[Dataset records]
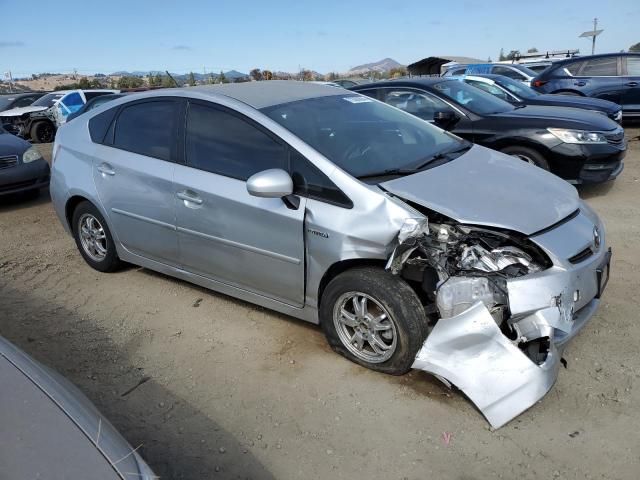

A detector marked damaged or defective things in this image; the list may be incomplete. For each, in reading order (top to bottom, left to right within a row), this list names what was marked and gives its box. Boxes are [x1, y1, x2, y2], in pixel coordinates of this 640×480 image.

exposed headlight assembly [21, 146, 43, 165]
crumpled hood [380, 146, 580, 236]
exposed headlight assembly [548, 127, 608, 144]
damaged front fender [410, 302, 560, 430]
damaged front end [388, 214, 608, 428]
detached bumper cover [410, 225, 608, 428]
crushed front bumper [410, 232, 608, 428]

(WHAT YOU ARE ASKED TO DO): When you repeat the data, keep every line exact and drop the images.

(ANSWER SPACE):
A detector marked damaged or defective things in this image; the list may be incomplete. For each, in reading order (top to bottom, left to right within a row), this list names what was marked and gives its box. Boxes are [x1, y1, x2, y2], in pixel coordinates of this 640×480 image.

exposed headlight assembly [21, 146, 43, 165]
crumpled hood [380, 146, 580, 236]
exposed headlight assembly [548, 127, 608, 144]
damaged front fender [410, 302, 560, 430]
damaged front end [388, 214, 608, 428]
detached bumper cover [410, 225, 608, 428]
crushed front bumper [410, 232, 608, 428]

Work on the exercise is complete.